Smiley73 4 | 382 ☆☆  
Nov 19, 2017 | #9
The way I see it, the independent writers do not have a contract with the writing companies and those who work truly free of the middleman does not have a contract with his clients that goes beyond the service date or due date of the paper. Therefore, there is no need for you to include the fact that you worked for an academic outsourcing company or as an independent academic writer in your resume. Not unless you are so wanting for professional references that even that sort of profession would somehow help to increase your work profile. The only time that you should perhaps mention that you did that sort of work is when you apply for a government position. The government might tend to investigate your professional background far more thoroughly than a university HR division might. Otherwise, I don't see how working "underground" in this industry, for a bit of time, would have any profound effect on your future as a university professor. Like you said, you are being asked to sacrifice your academic standards anyway, so why not get paid more for it?
FreelanceWriter    5 | 1,315 ☆☆☆☆   Freelance Writer
Nov 19, 2017 | #10
...the independent writers do not have a contract with the writing companies and those who work truly free of the middleman does not have a contract with his clients that goes beyond the service date or due date of the paper.

Even as independent contractors, we still have a contract with the companies; it's just able to be terminated by either party at will. As totally independent writers, our contract with customers still consists of everything represented on our websites and everything agreed to in our pre-payment communications, irrespective of whether or not there's anything specifically referred to (or signed) as a "contract," per se.

Therefore, there is no need for you to include the fact that you worked for an academic outsourcing company or as an independent academic writer in your resume.

Not sure what the connection is that you have in mind between the existence of a contract and whether or not that work experience needs to be disclosed. Contracts by themselves don't leave any paper trail, but legit American essay companies generate annual 1099 tax forms, so there's still a record of your employment capable of being identified, if that's what you're getting at.

The government might tend to investigate your professional background far more thoroughly than a university HR division might.

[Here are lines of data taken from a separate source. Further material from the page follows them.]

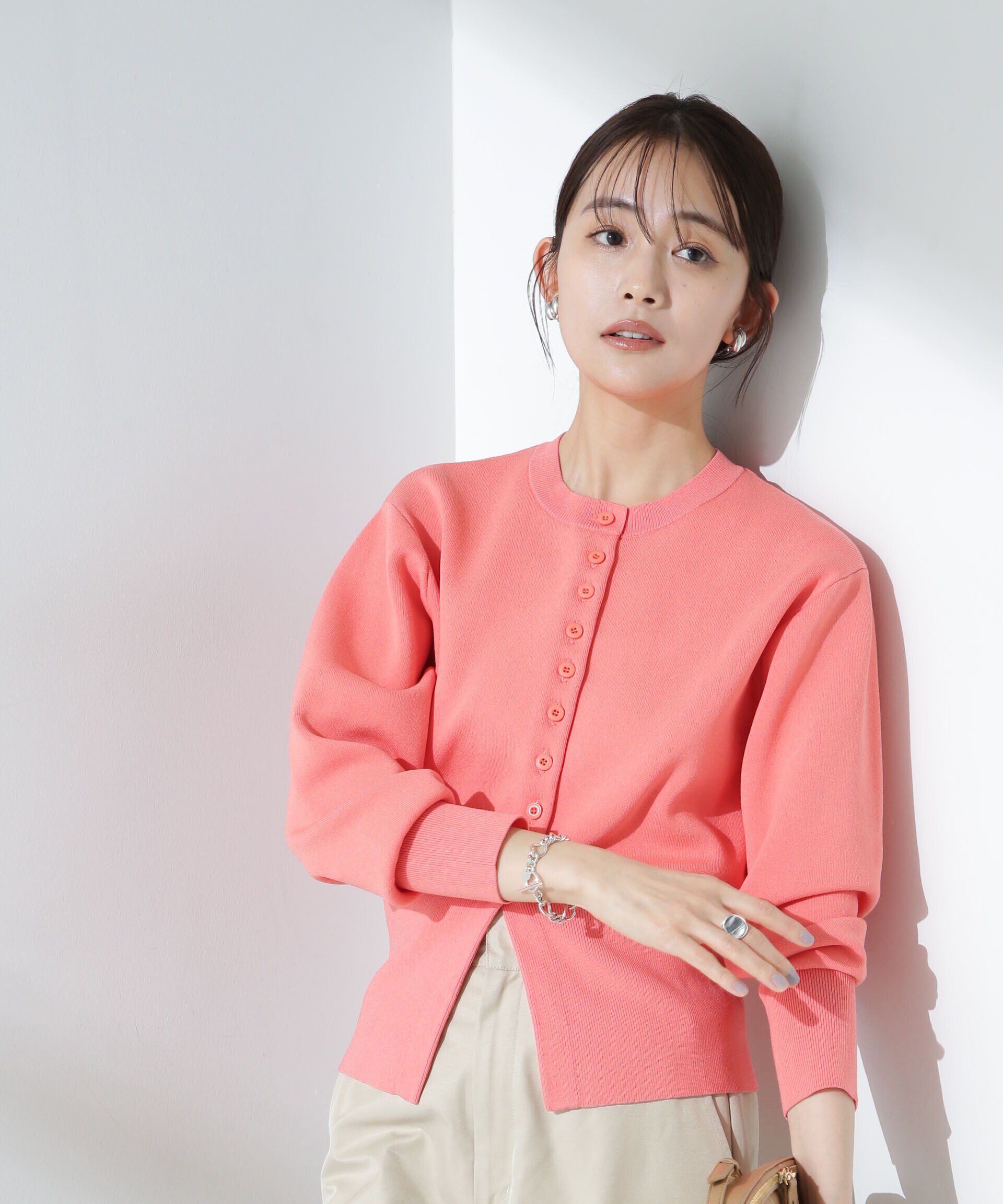 nano･universe「ダブルジャガードクルーネックニットカーディガン」|ニット・セーター|ピンク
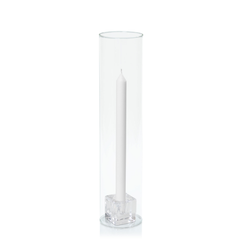 White 30cm Dinner Candles with Small Glass Holders and Sleeves - Set of 12 Pack of 12
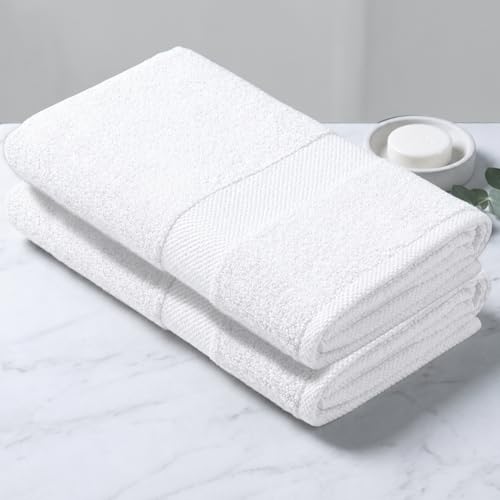 Image of Earthy Fables Premium Bath Towel - 100% Combed Cotton, 600 GSM, Ultra Soft, Quick Dry and Highly Absorbent for Home, Travel and Acne-Prone Skin, 140X70 cm, Pack of 2, White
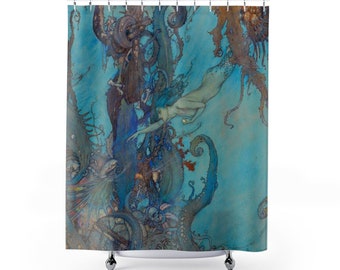 Art Nouveau Edmund Dulac watercolor Shower Curtain, The Little Mermaid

Not necessarily, at least not in terms of examining every prior job, anyway. When I filled out my SF-86 after being hired by the federal government, I fully disclosed the essay company for which I'd been writing as well as the "gentlemen's club" where I'd worked as a bouncer and manager. Probably the only thing they really investigate are criminal and financial history and child-support compliance.
Extremely experienced, honest, versatile American writer in NYC with a Law Degree from NYLS: Visit NYCFreelanceWriter "dot" com
ProfessorVerb    35 | 837 ☆☆   Freelance Writer
Nov 22, 2017 | #11
but being the plagiarized?

This snake has bit me in the ass hundreds of times over the years. I've even received assignment guidelines for nursing assignments that used my work product from previous assignments verbatim. My tag "Remember: I write it right with all my might!" shows more than 3,500 matches on Google, and I've found hundreds of examples of parts or all of my papers used by others. Although I only have about 18 more months before retirement, this issue still bothers me, but without a Microsoft-level legal team, what can you do? I guess we have to accept the fact that imitation is a form of flattery.